They THINK the up & down temps are screwing everything up!????
'Worst start since 2016'!


----------



## BuckeyeFishinNut (Feb 8, 2005)

Doboy said:


> I talked to 2 locals after dark,,,,, Jig throwers.
> They THINK the up & down temps are screwing everything up!????
> 'Worst start since 2016'!


The up and down temps with the river being up and down constantly, thats a bad recipe for success. At least you landed a couple. I got out over the weekend and all I could manage were a few snagged buffalo suckers throwing jigs and a couple really light bites on minnows at Pike Island.


----------



## Doboy (Oct 13, 2008)

One male fish had full size sacks,,,, no jizz.
The other had eggs,,,, no blood.
NOTHING in their bellies!?
I still have 3 dozen fatheads in the garage,,,,, I gotta get back down there, soon. 
It's comin'.

BFN,,,, How often do you fish NC Dam?


----------



## BuckeyeFishinNut (Feb 8, 2005)

Very rarely, maybe once a year. Every time I have fished it, it was from the WV side.


----------



## Bad Bub (Jan 17, 2006)

Lol... I had to pick kids up from school! 

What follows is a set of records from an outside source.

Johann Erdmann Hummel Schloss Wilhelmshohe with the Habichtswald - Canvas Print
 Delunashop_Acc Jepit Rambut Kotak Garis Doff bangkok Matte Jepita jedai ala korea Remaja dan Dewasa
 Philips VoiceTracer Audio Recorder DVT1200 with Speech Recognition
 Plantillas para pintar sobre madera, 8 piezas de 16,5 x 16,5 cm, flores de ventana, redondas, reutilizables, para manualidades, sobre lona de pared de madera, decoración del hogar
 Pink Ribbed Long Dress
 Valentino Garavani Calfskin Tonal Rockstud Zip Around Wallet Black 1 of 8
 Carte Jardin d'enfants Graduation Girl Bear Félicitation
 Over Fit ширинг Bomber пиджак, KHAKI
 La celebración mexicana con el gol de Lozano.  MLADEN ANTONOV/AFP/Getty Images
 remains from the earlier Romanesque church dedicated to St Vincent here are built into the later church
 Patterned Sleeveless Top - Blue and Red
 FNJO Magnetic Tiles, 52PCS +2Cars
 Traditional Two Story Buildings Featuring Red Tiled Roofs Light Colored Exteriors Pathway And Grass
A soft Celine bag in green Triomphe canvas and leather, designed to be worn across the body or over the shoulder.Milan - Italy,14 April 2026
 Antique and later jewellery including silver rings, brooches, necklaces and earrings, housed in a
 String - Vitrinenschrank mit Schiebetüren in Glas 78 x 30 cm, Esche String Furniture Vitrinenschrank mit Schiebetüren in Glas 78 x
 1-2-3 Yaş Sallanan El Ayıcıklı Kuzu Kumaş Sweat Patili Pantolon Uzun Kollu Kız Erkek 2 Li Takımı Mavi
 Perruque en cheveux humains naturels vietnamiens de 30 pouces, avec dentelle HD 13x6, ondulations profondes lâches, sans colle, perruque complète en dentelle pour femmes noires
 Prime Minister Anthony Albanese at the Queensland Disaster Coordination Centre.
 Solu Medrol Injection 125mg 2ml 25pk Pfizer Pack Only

Sent from my SM-G920V using Tapatalk


----------



## Doboy (Oct 13, 2008)

Amazing, how that wind died down,,,,,,,,,,,,,,, soon AFTER you left!? ;>)
Seriously though,,,, 'catching' was so bad, I never thought I'd get another hit.
Dr App today,,, or I'd be there now!


BTW, Bub,,,,,,, That oldtimer local I was talking to? He throws florescent orange or red jig with 4" ORANGE twisters,,,,, 95% of the time.
Sounds familiar


----------



## Phish_4_Bass (Sep 18, 2008)

Caught a pile of bait yesterday, going to give it a shot tomorrow evening after work


----------



## Doboy (Oct 13, 2008)

Phish_4_Bass said:


> *Caught a pile of bait yesterday*, going to give it a shot tomorrow evening after work



Ahhhh, you wouldn't happen to have some EXTRA chubs or shiners,,,, FOR TRADE???? ;>)


----------



## Phish_4_Bass (Sep 18, 2008)

Doboy said:


> Ahhhh, you wouldn't happen to have some EXTRA chubs or shiners,,,, FOR TRADE???? ;>)


Check PMs


----------



## Doboy (Oct 13, 2008)

5 guys there Yesterday,,, Thursday. * 
(water was too low, NO barge traffic, & 30 mph winds up River! :<(*
I got there about 1,,,,,, & 3 of us hung in there till after dark. 5 guys Net= 5 fish. 
I Had good hits on the first 3 casts, close to shore above the rocks. Then finally landed a fat 17" eye. Then NOT ONE HIT in the NEXT 5 HOURS!!!????????? 
Tony showed up & threw rubber till his arms got sore,,,,, he caught NOTHING.
Then Wayne & his friend showed up. Each had one 'Tight-line' pole w fatheads, the other pole for tossing rubber.
Wayne gave up kinda early & left with 2 fish,,, I think. & he Threw back a 'lizard' & a small cat.
His Liverpool friend caught ONE 15" eye,,,, That's it! He kindly gave it to me! ;>) THANKS.
Now I had 2 to clean.

After 6pm,,,, I started to get more 'hits', in close to the shore rocks, but only landed 1- 5" sauger.
The little &^%$#! completely swallowed down my floater hook & medium size fathead!????
Not enough room left in his mouth to get needle nose pliers in! How they do that!!!?
Bleeding like a stuck pig,,,, I pert-near had to RIP HIS HEAD OFF,,, to GET IT BACK!
Hurt me more than him!
BUZZARD BAIT.

STILL, no perch.


----------



## Phish_4_Bass (Sep 18, 2008)

Went yesterday, musta hit a pocket of little ones. Got a few 6" to 8" . 
Lots of hits and getting cleaned. 
Fished about 2 hrs. 
Windy and snowy.

Time to hope for warmer weather and re-stock the bait supply.


----------



## BuckeyeFishinNut (Feb 8, 2005)

Phish_4_Bass said:


> Went yesterday, musta hit a pocket of little ones. Got a few 6" to 8" .
> Lots of hits and getting cleaned.
> Fished about 2 hrs.
> Windy and snowy.
> ...


Mid 50'5-60's this coming weekend and sunny. Gotta feeling its gonna be thick as thieves out there with people fishing. I need to get some bait also, gonna run some traps mid-week. Looks like little to no rain this week also if you can believe that.


----------



## Bad Bub (Jan 17, 2006)

Well... it looked packed this past weekend. Anybody do any good? I'm going to give it a go after work today for a couple hours. They've gotta be starting to do their thing by now you'd think. 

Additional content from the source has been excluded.